WHAT YOU NEED TO DO:
Every line of the listing is returned unchanged, and every picture is dropped.

□ □ □ □

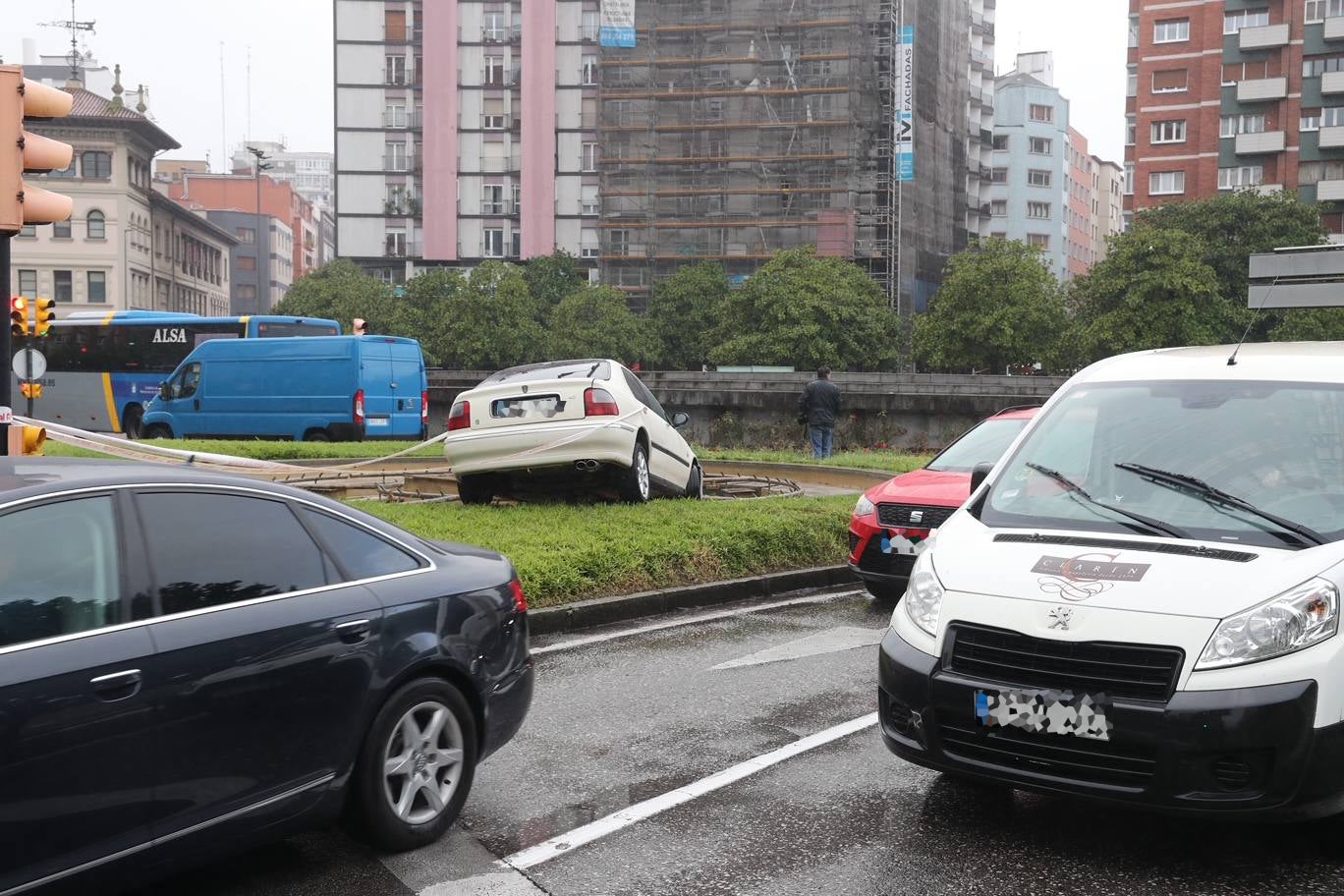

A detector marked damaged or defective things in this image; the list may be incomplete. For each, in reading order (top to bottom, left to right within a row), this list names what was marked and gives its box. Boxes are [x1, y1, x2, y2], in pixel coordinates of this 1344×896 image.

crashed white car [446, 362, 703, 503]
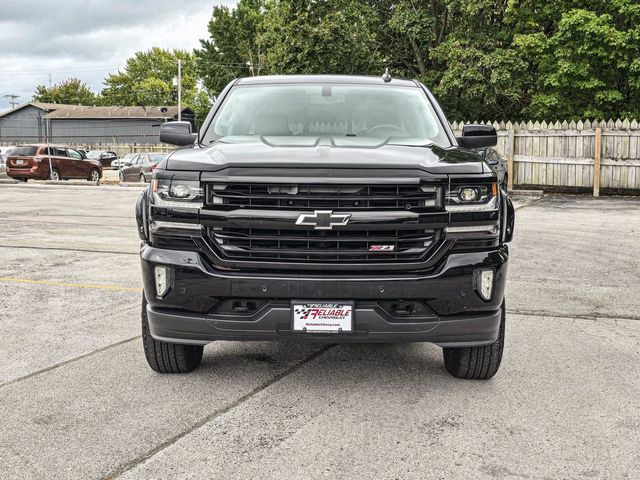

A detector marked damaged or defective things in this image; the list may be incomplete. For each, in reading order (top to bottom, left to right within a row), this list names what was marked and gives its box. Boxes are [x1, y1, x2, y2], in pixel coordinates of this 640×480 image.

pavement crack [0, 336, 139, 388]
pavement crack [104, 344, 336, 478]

□ □ □ □

FINISHED EXERCISE:
A detector marked damaged or defective things in this image; the list may be incomplete. For each, in reading order (top to bottom, left to right within a row), this list names what was marked and gives its box. Boxes are [x1, y1, x2, y2], in pixel coordinates of this 1344×896 image.

crashed white car [446, 362, 703, 503]

A detector marked damaged or defective things in this image; the list may be incomplete. For each, in reading order (top to bottom, left to right within a row), this list names what was marked and gives its box. Boxes are [x1, y1, x2, y2], in pixel coordinates of this 640×480 image.

pavement crack [0, 336, 139, 388]
pavement crack [104, 344, 336, 478]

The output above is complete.